What made the cut: Every book on this list (1) gives you frameworks you can use this week, not just theory, (2) is backed by real research or decades of practice, (3) is under 450 pages, and (4) addresses the specific challenge of navigating upward relationships at work.
1. Dare to Lead — Brené Brown
The best book for finding the courage to have honest conversations with your boss.

- Author: Brené Brown
- Published: 2018 | Pages: 320
- Rating: 4.2/5 (80,000+ ratings)
- View on Amazon
This might seem like an odd choice for a “managing up” list. It’s not a book about boss tactics or office politics. It’s a book about having the courage to be honest when it’s uncomfortable — which is exactly what managing up requires.
Why it made the list
Most new managers fail at managing up not because they lack skills, but because they lack courage. The courage to disagree when your boss is wrong. The courage to say “I need help” when you’re drowning. The courage to deliver bad news before it becomes a crisis.
Brown’s research on vulnerability in leadership is directly applicable to the upward relationship. Her framework for “rumbling with vulnerability” — having tough conversations where the outcome is uncertain — is exactly what you need when you’re sitting across from your boss thinking “I need to push back on this but I’m terrified.”
The section on “armored leadership” vs. “daring leadership” is particularly relevant. Most new managers armor up around their boss — they perform confidence, hide uncertainty, and avoid difficult topics. Brown shows why this backfires: your boss can see through the armor, and it destroys the trust you’re trying to build.
Best for you if…
You know what you should say to your boss but can’t bring yourself to say it. You default to people-pleasing upward because the vulnerability of disagreement feels too risky. You need someone to give you permission — backed by data — to be honest instead of strategic.
Key takeaway: “Daring leadership is about showing up when you can’t predict or control the outcome. It’s about choosing courage over comfort.”
2. It’s the Manager — Jim Clifton & Jim Harter
The best book for understanding what your boss is dealing with (so you can actually help).

- Authors: Jim Clifton, Jim Harter (Gallup)
- Published: 2019 | Pages: 448
- Rating: 3.9/5 (600+ ratings)
- View on Amazon
This book is built on decades of Gallup research — the largest study of management and leadership ever conducted (over 2 million managers surveyed). It’s not specifically about managing up, but it gives you something more valuable: a deep understanding of how management actually works from the top down.
Why it made the list
Managing up effectively means understanding your boss’s world. What pressures are they under? What does their boss expect? What metrics are they measured on? Most new managers never think about this — they see their boss as a source of demands, not as another human navigating their own set of impossible expectations.
Clifton and Harter’s data reveals what separates great managers from mediocre ones — and when you understand that framework, you can start anticipating what your boss needs instead of just reacting to their requests. The chapter on “The Five Traits of Great Managers” is a playbook for understanding what your boss is trying (and possibly failing) to be.

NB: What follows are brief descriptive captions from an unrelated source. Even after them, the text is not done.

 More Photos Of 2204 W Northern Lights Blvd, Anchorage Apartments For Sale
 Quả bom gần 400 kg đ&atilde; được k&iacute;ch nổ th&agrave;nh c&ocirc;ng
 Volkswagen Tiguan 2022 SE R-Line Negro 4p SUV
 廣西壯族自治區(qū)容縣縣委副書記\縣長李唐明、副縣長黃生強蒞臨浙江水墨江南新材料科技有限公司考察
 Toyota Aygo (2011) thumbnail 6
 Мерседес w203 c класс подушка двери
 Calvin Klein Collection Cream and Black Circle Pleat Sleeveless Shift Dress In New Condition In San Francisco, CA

The Gallup research on engagement is also eye-opening: 70% of the variance in team engagement is attributable to the manager. That means your boss’s boss is looking at your boss’s team engagement numbers. When you understand that, you can frame your conversations differently — not “I need more resources” but “here’s how this investment improves the team’s output.”
Best for you if…
You want to stop seeing your boss as the enemy and start seeing them as someone you can strategically support — which, counterintuitively, is the fastest way to get what you need from them. You want data-backed frameworks rather than opinion-based advice.
Key takeaway: “It’s the manager. The quality of managers and team leaders is the single biggest factor in your organization’s long-term success.”

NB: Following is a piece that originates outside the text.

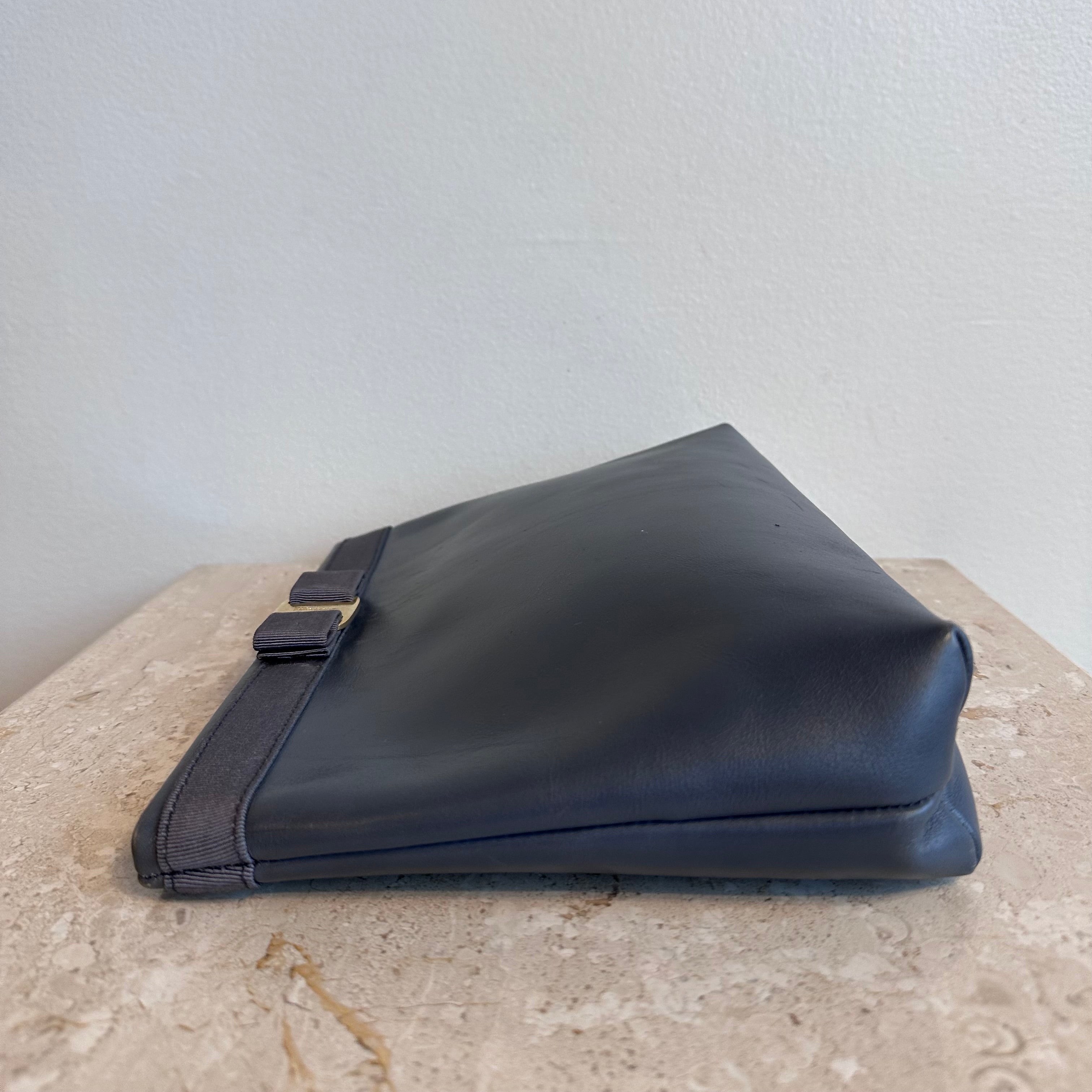 Pre-Owned SALVATORE FERRAGAMO Vintage Blue Leather Clutch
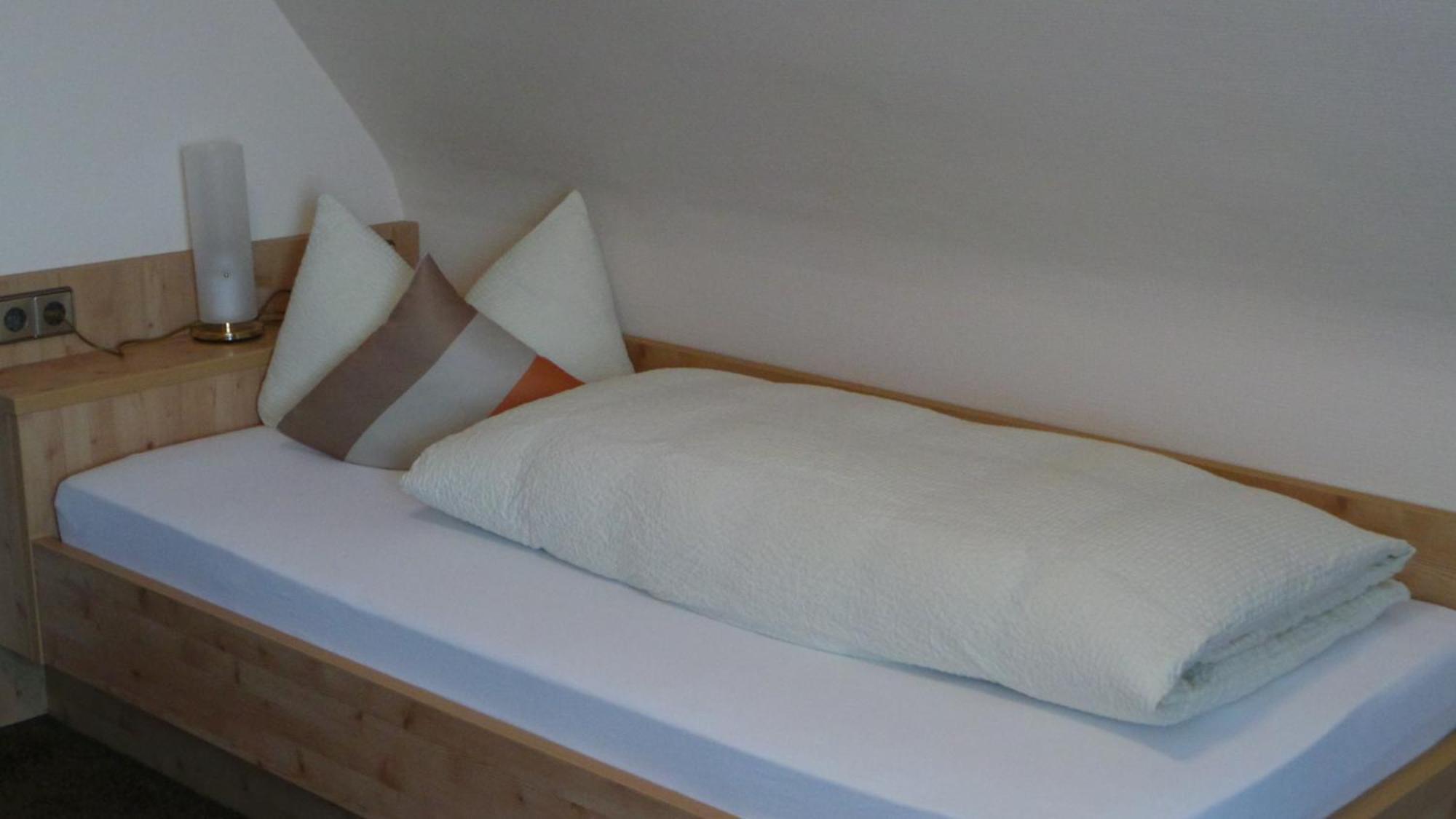 Hotel Zur Linde Lauf Pokoj fotografie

3. HBR Guide to Managing Up and Across — Harvard Business Review
The most practical, no-nonsense handbook for navigating upward relationships.

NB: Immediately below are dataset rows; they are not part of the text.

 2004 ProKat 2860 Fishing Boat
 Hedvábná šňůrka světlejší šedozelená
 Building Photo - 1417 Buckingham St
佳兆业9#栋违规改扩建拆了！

- Author: Harvard Business Review
- Published: 2013 | Pages: 208
- Rating: 3.7/5 (700+ ratings)
- View on Amazon
If you want one book that covers all the specific situations you’ll face when managing up — and gives you a script for each one — this is it. No storytelling, no research deep-dives, just “here’s the situation, here’s what to do.”
Why it made the list
This book is organized as a collection of short, practical guides from Harvard Business Review’s best contributors. Each chapter tackles a specific managing-up challenge:
- How to present ideas to your boss in a way they’ll actually hear
- How to manage a boss who micromanages
- How to deliver bad news without destroying trust
- How to disagree with your boss constructively
- How to manage across (peer relationships, cross-functional politics)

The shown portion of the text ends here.